Microsoft's next big job: luring users to Windows 8
As it launches Windows 8, Microsoft's challenge is not only to convince longtime Windows users they should use an operating system with an interface very different from what they're used to. It's also to convince those in the market for a mobile device that they should give Windows 8 a go.
Seattle Times technology reporter
NEW YORK — The moment Microsoft has been building toward for years has finally arrived: the launch of Windows 8, the radical overhaul of the company's flagship operating system and its great shining hope for the rapidly expanding mobile market.
Now comes the really hard part: getting people and businesses to buy it.
Windows 8 became available for sale via download, on software discs and on new Windows 8 devices starting at 12:01 a.m. Friday.
Microsoft's challenge is not only to convince longtime Windows users they should use an operating system with an interface very different from what they're used to. It's also to convince those in the market for a mobile device that they should give Windows 8 a go.
Microsoft has not said how much it's spending on advertising and marketing for Windows 8, but estimates have placed the figure at more than $1 billion.
Microsoft executives at Thursday's launch event, held at Pier 57 by the Hudson River in New York, gave their best shot at making a convincing case for the new operating system.
"Windows 8 shatters perceptions of what a PC really is," Microsoft CEO Steve Ballmer said.
Ballmer talked about the different form factors inspired by Windows 8 — from tablets to ultrathin ultrabooks to convertible/hybrid devices that can change from tablets to laptops.
He talked about how the new Windows 8 interface "lights up" users' lives and keeps them connected by displaying on the tiles in the start screen everything from friends' social-media updates to news updates.
And he talked about how Windows 8 works well with Microsoft services, including Xbox music and games and its SkyDrive personal online storage service.
At Thursday's event, Microsoft also showed off Surface, the company's first branded computing device, which also is available starting Friday. This version is called Surface with Windows RT, a "lite" version of sorts of Windows 8 that's meant for devices with ARM-based processors. (Such processors are notable for conserving battery life.) The Surface starts at $499 and goes up to $599 and $699 for versions that include super-slim covers which double as keyboards.
Microsoft executives Thursday made a point of highlighting some positive reviews about Surface — especially regarding its software — but made no mention of the negative reviews, especially over the Windows RT software.
They also reiterated some of the highlights of Windows 8, from its swiping gestures to features such as "snap," which allows more than one app to be on the screen at any time, and the ability to easily share items within an app. None of that was new to people who've been following the development of Windows 8, but may have been new to some in the audience of 600 bloggers and media attendees from around the world.

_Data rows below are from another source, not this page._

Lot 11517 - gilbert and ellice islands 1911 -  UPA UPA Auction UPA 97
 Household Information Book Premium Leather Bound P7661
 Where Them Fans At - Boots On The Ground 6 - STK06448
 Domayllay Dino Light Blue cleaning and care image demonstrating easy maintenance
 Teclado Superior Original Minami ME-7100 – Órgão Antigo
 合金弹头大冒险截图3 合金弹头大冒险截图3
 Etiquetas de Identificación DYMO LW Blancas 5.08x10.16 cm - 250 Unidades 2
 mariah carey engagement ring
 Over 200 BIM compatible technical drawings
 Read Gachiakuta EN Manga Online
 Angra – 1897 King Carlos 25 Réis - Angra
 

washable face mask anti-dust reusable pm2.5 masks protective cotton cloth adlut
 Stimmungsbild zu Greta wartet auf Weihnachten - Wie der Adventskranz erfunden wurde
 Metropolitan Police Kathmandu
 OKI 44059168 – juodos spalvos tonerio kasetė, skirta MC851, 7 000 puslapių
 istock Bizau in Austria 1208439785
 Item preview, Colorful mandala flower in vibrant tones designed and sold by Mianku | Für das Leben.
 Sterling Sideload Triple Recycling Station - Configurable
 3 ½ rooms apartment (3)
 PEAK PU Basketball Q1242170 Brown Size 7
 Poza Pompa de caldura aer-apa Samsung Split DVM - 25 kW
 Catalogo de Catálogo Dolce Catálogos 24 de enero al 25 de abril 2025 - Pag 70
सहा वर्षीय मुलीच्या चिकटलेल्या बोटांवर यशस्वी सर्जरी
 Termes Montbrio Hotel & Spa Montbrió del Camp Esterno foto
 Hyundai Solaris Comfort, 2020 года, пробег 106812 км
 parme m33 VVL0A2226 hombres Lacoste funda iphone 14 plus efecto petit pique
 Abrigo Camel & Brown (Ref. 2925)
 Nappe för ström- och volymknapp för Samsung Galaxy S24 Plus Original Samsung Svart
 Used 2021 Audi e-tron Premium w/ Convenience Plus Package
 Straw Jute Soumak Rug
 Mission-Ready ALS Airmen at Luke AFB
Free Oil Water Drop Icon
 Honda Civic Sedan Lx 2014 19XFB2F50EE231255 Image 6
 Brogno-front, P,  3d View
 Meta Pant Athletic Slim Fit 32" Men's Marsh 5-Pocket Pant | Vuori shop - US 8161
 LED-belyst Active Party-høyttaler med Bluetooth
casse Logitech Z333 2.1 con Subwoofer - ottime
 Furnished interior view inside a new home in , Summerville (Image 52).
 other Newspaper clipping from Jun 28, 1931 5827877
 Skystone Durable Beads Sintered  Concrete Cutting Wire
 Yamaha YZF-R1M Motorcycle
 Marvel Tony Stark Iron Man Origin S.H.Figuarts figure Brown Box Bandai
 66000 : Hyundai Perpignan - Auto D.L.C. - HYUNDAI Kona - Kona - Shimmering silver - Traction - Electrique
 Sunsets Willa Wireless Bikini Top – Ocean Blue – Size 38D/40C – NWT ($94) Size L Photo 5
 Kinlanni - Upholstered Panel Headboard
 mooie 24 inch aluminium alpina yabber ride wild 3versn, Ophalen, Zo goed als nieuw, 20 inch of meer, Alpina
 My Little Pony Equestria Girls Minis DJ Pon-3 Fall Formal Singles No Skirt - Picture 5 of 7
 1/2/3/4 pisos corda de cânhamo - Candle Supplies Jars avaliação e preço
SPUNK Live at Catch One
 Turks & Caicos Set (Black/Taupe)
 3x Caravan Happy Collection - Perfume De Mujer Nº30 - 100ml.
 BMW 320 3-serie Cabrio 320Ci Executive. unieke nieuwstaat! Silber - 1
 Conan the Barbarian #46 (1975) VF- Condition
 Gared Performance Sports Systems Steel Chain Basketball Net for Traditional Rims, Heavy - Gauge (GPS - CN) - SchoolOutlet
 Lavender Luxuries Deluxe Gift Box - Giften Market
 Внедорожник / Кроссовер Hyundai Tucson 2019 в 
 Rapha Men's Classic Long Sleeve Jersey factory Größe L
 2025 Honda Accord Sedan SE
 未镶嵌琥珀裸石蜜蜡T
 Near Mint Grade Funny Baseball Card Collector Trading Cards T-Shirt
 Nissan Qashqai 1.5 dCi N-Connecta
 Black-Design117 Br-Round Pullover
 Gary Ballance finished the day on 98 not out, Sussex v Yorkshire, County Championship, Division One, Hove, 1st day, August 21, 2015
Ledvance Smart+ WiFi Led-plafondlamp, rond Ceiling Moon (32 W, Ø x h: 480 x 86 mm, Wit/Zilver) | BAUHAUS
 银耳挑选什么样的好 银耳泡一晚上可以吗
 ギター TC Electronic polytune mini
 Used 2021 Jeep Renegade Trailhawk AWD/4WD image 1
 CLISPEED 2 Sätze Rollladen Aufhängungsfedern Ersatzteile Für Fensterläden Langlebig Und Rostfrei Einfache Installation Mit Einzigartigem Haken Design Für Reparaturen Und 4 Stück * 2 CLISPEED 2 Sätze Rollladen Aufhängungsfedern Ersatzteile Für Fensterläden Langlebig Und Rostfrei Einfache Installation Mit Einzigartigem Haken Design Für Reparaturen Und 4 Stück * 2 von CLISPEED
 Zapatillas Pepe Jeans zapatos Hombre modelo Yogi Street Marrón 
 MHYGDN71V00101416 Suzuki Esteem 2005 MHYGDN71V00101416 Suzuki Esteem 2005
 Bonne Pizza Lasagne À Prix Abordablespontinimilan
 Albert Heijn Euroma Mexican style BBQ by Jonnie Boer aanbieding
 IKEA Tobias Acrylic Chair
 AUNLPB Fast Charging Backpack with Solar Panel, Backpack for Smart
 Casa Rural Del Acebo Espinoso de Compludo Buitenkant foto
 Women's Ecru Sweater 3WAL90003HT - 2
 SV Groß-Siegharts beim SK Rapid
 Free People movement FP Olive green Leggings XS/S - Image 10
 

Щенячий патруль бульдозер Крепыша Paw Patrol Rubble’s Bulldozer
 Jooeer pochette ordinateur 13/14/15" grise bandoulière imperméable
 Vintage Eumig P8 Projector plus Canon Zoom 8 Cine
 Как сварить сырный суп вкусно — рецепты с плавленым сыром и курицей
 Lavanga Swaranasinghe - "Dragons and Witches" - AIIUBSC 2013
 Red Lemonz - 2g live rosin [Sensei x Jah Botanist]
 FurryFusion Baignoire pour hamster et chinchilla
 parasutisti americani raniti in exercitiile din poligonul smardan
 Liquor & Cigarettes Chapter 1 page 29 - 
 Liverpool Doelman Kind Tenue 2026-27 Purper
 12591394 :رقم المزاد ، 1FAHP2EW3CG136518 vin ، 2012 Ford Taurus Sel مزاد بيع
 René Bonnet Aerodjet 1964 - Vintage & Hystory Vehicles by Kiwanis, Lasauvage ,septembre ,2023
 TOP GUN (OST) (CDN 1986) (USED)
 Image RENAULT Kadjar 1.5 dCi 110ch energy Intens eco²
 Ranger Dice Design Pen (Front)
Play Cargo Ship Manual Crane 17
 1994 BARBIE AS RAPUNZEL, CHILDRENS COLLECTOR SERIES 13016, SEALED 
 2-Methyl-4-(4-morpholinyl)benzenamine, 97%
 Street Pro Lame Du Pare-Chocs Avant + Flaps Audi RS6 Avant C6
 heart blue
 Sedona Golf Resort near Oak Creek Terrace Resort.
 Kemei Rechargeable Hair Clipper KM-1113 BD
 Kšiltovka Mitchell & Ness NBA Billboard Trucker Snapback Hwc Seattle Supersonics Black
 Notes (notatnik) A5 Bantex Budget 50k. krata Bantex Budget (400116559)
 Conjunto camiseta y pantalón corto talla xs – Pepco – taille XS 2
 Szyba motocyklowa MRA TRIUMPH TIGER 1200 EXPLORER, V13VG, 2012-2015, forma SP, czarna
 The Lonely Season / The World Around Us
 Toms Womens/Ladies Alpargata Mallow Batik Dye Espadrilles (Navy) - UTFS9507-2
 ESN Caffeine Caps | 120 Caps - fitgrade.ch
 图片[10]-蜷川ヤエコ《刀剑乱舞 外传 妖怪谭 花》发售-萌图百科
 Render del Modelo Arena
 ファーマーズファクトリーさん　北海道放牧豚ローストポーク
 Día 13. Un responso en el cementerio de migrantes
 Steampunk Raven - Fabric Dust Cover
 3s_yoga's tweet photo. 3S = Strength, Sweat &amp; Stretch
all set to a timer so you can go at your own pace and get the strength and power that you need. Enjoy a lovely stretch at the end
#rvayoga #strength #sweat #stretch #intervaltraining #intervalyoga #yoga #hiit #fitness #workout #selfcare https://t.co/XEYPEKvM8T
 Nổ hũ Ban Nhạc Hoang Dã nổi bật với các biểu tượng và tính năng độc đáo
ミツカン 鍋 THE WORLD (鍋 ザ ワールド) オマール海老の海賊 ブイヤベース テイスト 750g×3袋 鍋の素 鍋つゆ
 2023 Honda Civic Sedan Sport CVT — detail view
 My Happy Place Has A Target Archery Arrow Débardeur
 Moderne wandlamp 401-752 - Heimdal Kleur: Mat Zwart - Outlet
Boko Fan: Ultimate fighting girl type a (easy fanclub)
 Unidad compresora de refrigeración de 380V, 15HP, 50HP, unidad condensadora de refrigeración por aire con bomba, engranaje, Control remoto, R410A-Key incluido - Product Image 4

The explanations from Microsoft execs are a way for them to shape the story around Windows 8.
"Microsoft's idea is that they want to create one seamless user experience across all devices," said Americus Reed II, an associate professor of marketing at the University of Pennsylvania's Wharton School of Business. Reed teaches a class that has focused on marketing challenges with Windows Phone, a device platform that shares a common user interface with Windows 8.
Microsoft's biggest challenge, he said, is "making sure you're communicating a consistent brand identity across these different delivery platforms."
The company will have to "figure out exactly what the right story is to tell people about what it represents as a brand, when people think about this new way of interfacing with Windows."
Apple's iPhone, for example, is "about creativity and being hip and about being easy to use and intuitive," while Google's Android devices are about "customization and 'you can do what you want to do with it,' " Reed said.
But the challenge for Microsoft right now, he said, is that for most people, "it's hard to identify what Microsoft is beyond productivity software."
So if Microsoft wants to expand its footprint in the mobile arena, it needs to focus more on what in its Windows 8 user interface is different and how those changes "allow people to have a more enhanced life," Reed said. "If they can tell that story, in a consistent way, over time, across multiple devices, then they have a chance."
How crucial it is to get people to buy in to Microsoft's story — and buy its products — is evident in some figures recently released by research firm Gartner.
Currently, Windows is the dominant operating system across devices (including PCs, tablets and mobile phones) worldwide, operating on about 1.5 billion. But Gartner predicts that Windows will lose that lead to Google's Android by 2016, when Android will be installed on 2.299 billion devices and Windows on 2.284 billion.
That's why Gartner analyst Michael Gartenberg says that the real challenge for Microsoft isn't about what happened Thursday: "It's tomorrow, next week, next month, next year."
For Microsoft, the challenge now is the marketing and getting consumers to understand how Windows 8 is different.
"This is about evangelizing and educating," he said.